I went over to the bar and had three straight doubles. How many of these was it that had killed Dylan Thomas? Then I scooped up my change, all but a couple of dollars, and moved on.
Chapter Four
“Roaches,” I told the bartender at a hole-in-the-wall in the Irish Channel. His name was sewn over his shirt pocket, PAT, but whoever did the needlework, in cursive, left a heavy line trailing from the belly of the P to the A, so it looked more like RAT.
In a notoriously wild city, the Channel at one time and for a long time was the wildest spot of all, scene of bars with names like Bucket of Blood, showers of bricks for encroaching outsiders, police killings. Whenever it rained, which in New Orleans was damn near always, water poured down from the Garden District just uptown onto the poor, low-living Irish here, which is probably where the name came from.

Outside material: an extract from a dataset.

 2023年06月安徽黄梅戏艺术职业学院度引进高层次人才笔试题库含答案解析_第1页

“Other people’s roaches, other place’s roaches, run for cover when you turn the lights on. You ever seen any different? But not here, man. New Orleans roaches are more liable to drop to one knee and give out with a chorus or two of ‘Swanee.’ They’re the true Negroes, roaches are, the only pure strain that’s left, maybe. You know what happened in all them woodpiles.
“And the damn things’ve been around forever. You’ve got fossils that are two hundred and fifty thousand goddam years old and the roaches in there are exactly like the ones we could go pull out of your bathroom over there right now. They don’t have to change, man; they can live off of anything. Or nothing.

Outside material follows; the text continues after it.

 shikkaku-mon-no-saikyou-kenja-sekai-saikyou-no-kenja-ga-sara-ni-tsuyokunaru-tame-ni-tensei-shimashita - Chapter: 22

“Whatever we dream up to kill them, they learn to live off it. One of them can live for a month off the glue on a postage stamp, for godsake. Cut off their heads and they go on living, even-only finally they starve to death.
“And here’s something else. Found this in a book published at least a hundred years ago. This was like the Raid of its day, what everybody did. You were supposed to write the roaches a letter, this book says, and you’d say something like, ‘Hey, Roaches, you’ve been on my case long enough, guys, so now it’s time to go bother my neighbors, right?’ Then you’d put this letter wherever the buggers were swarming. But first you’ve got to fold the letter and seal it and go through all the usual shit, the writer says. Like the roaches are gonna know if you get it wrong, if you don’t put on enough postage or whatever. And then he tells you: ‘It is well, too, to write legibly and punctuate according to rule.’ ”

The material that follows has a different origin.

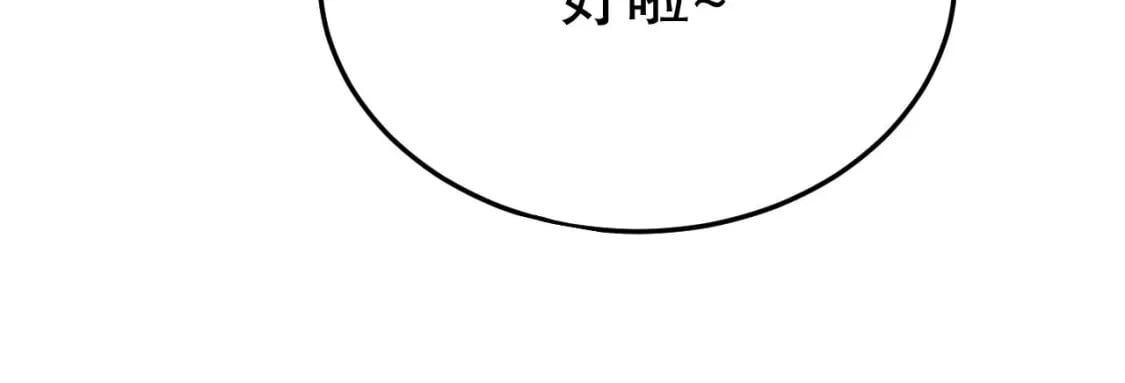 第49话 醋坛子翻了62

“You’re drunk, mister,” the barkeep said.
“I am most assuredly that very thing,” I said with the best Irish lilt I could manage. Just talking was hard enough at that point. “It’s been a long siege.”
“Have to cut you off, buddy. Sorry.”
“No problem. I was cut off a long time ago. If you only knew.” I pointed more or less at the stitching on his shirt. “You Irish?”
“Hell no. Named for my mother, Patricia: Pat.” Then, with a grin: “You?”
“It’s converted this last St. Pat’s Day I was. Hopin’ just a bit of the luck-of-the might rub off?”
“And has it?”
“Not so much as a smudge, I’m sorry to tell you. Not a smudge.”
And scuttled home in the darkness.
Chapter Five
A case-that’s what I’d told mom and Verne both. But the case had holes you could drive a transport truck through and the break I’d mentioned was as far away as the end of Pinocchio’s nose on Liar’s Day. I thought about the kids playing cops and robbers down by the office. Was that all I was doing?